→ **Brief**: Before you return the entries below, strip out the pictures and keep all else exact.

━━━ Record excerpts

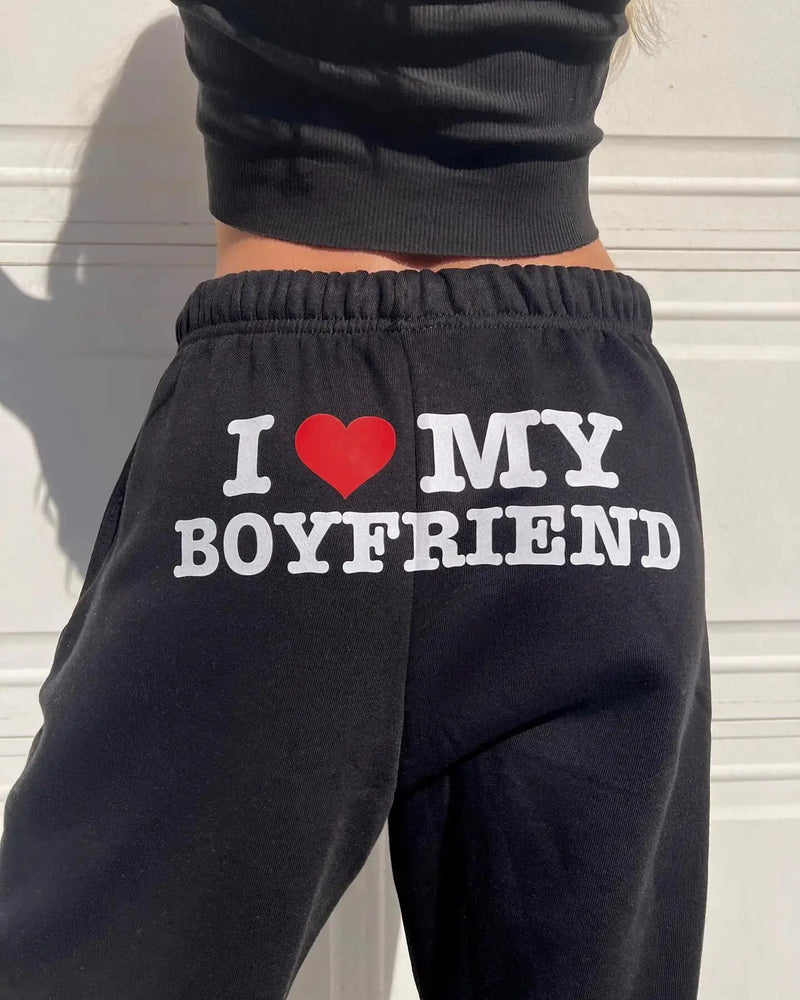 "I Love My Boyfriend" Drawstring Baggy Trousers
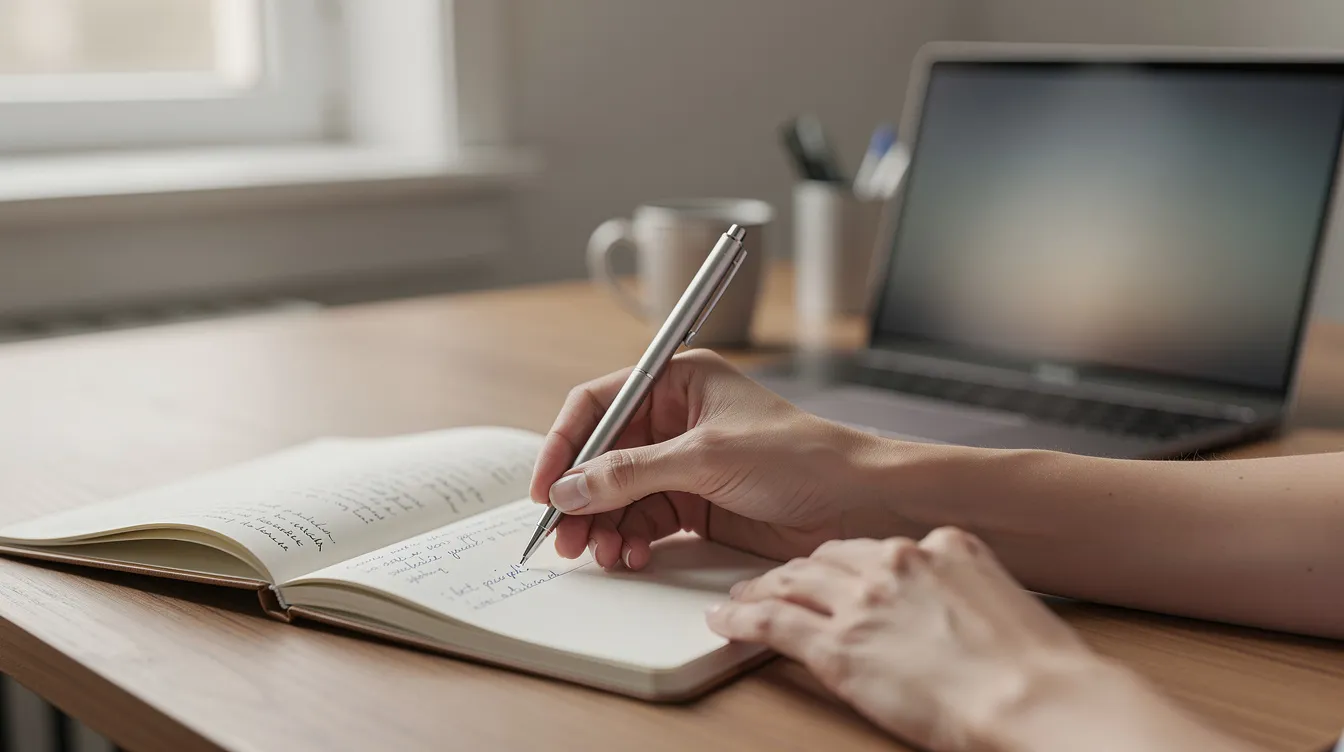 The image shows a person diligently writing notes in a notebook while seated at a desk beside a laptop, likely organizing their thoughts related to support coordination or managing an NDIS plan. This scene reflects the importance of effective communication and planning in achieving positive outcomes for clients within the NDIS system.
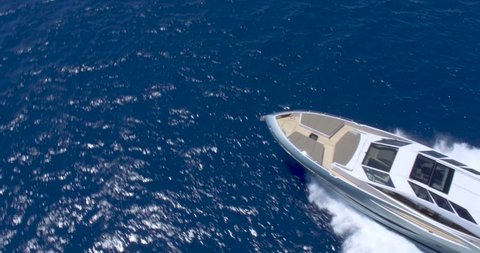 aerial shot luxury boat yatch
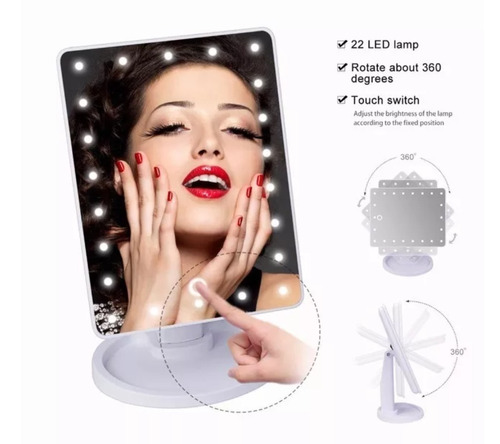 Espejo De Maquillaje Para Tocador Con Pantalla 22 Luces Led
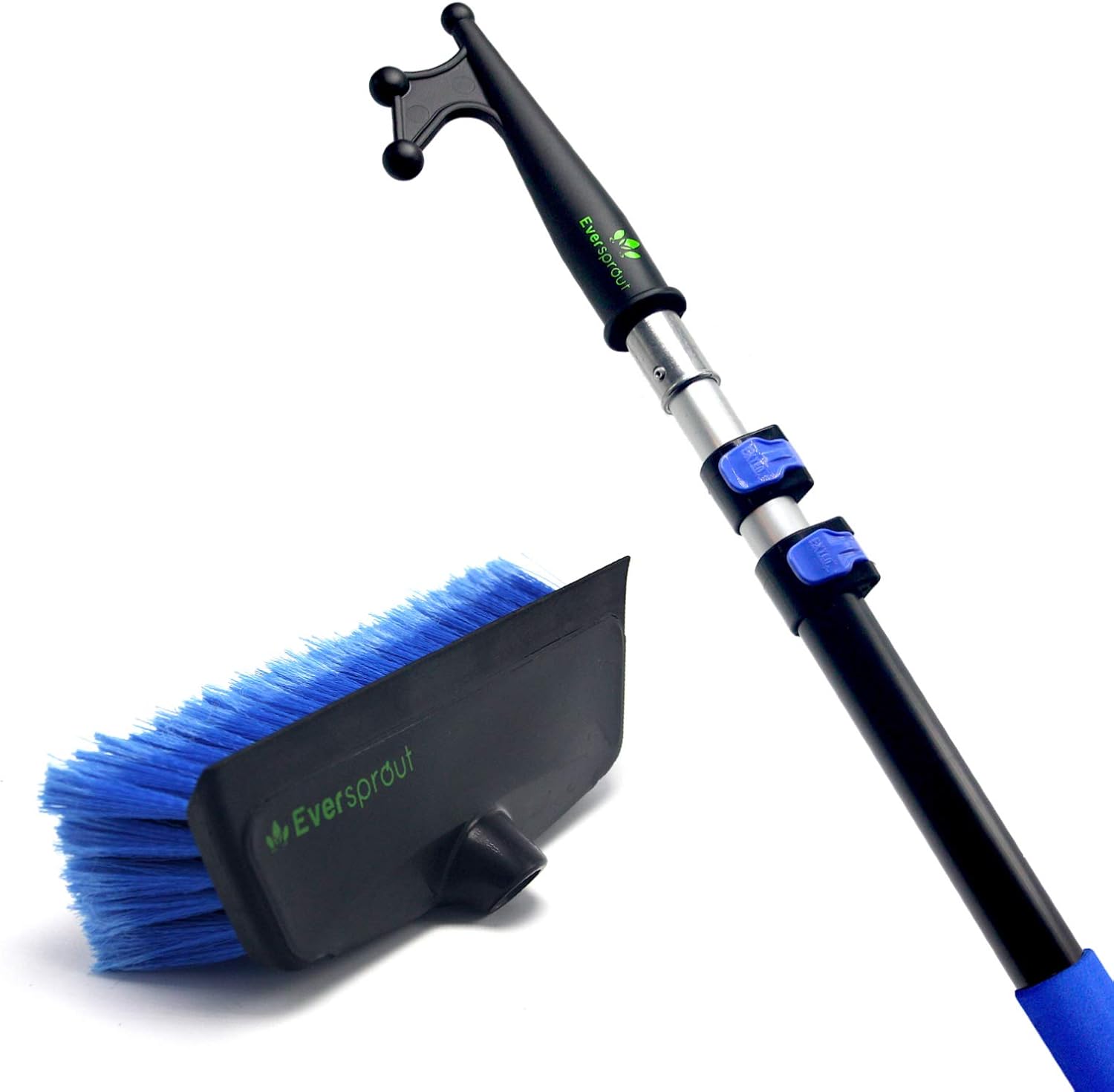 EVERSPROUT 5-to-13 Foot Boat Hook & Scrub Brush Kit | 3-Stage Lightweight Telescopic Extension Pole | Soft-Bristle Deck Brush with Built-in Bumper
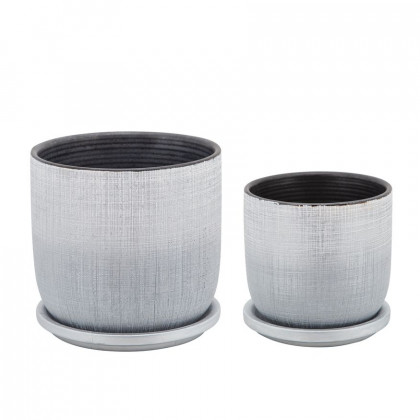 Sagebrook - 5" Textured Planter With Saucer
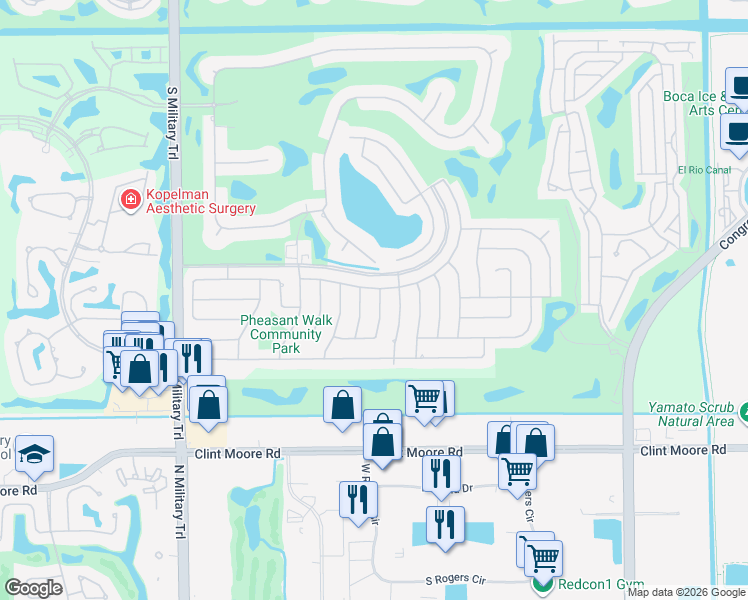 map of restaurants, bars, coffee shops, grocery stores, and more near 17729 Maplewood Drive in Boca Raton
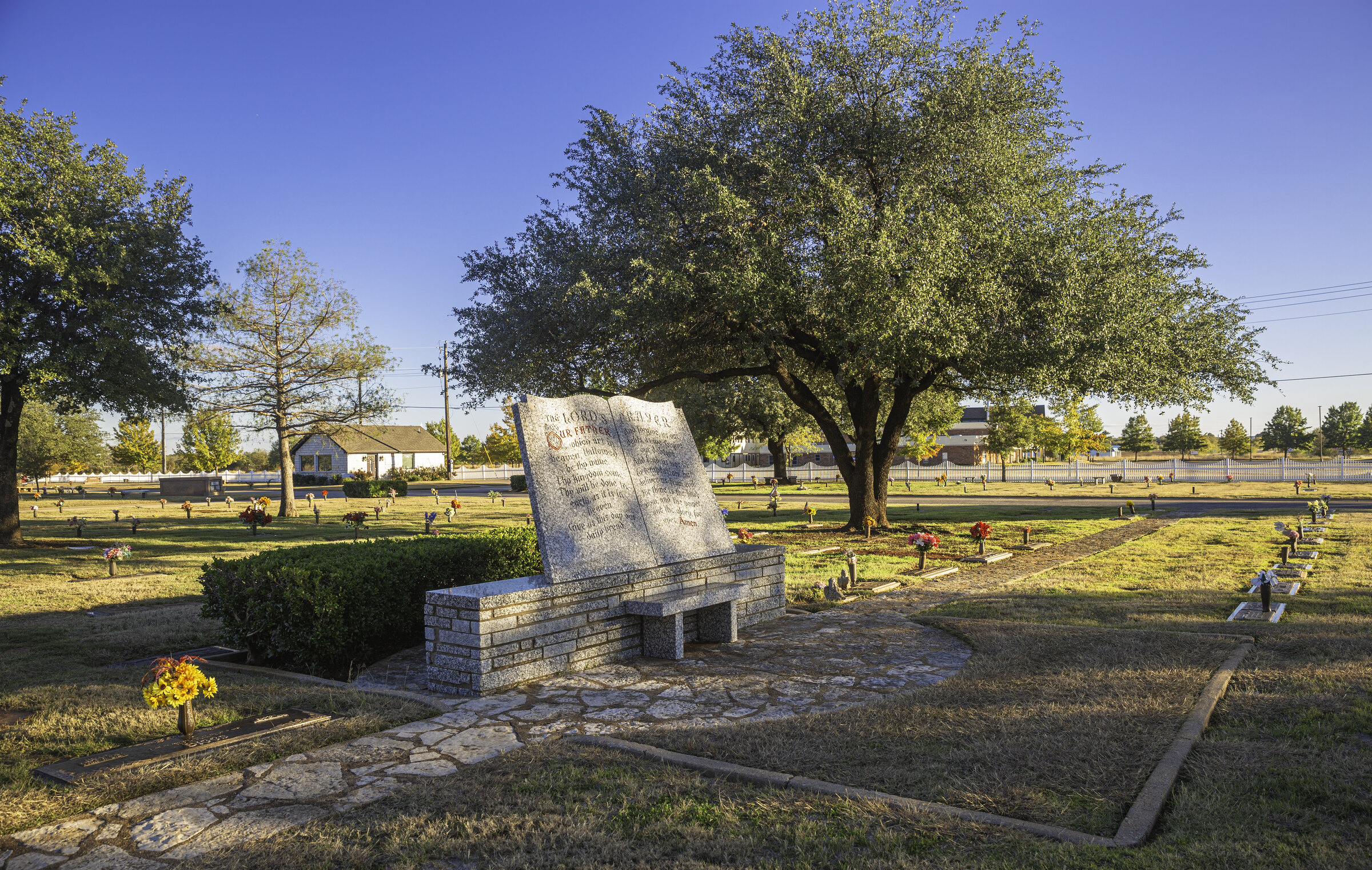 The Lord’s Prayer stone memorial and surrounding grounds at Holly Hills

━━━━━━

→ **Exercise solution**:
 "I Love My Boyfriend" Drawstring Baggy Trousers
 The image shows a person diligently writing notes in a notebook while seated at a desk beside a laptop, likely organizing their thoughts related to support coordination or managing an NDIS plan. This scene reflects the importance of effective communication and planning in achieving positive outcomes for clients within the NDIS system.
 aerial shot luxury boat yatch
 Espejo De Maquillaje Para Tocador Con Pantalla 22 Luces Led
 EVERSPROUT 5-to-13 Foot Boat Hook & Scrub Brush Kit | 3-Stage Lightweight Telescopic Extension Pole | Soft-Bristle Deck Brush with Built-in Bumper
 Sagebrook - 5" Textured Planter With Saucer
 map of restaurants, bars, coffee shops, grocery stores, and more near 17729 Maplewood Drive in Boca Raton
 The Lord’s Prayer stone memorial and surrounding grounds at Holly Hills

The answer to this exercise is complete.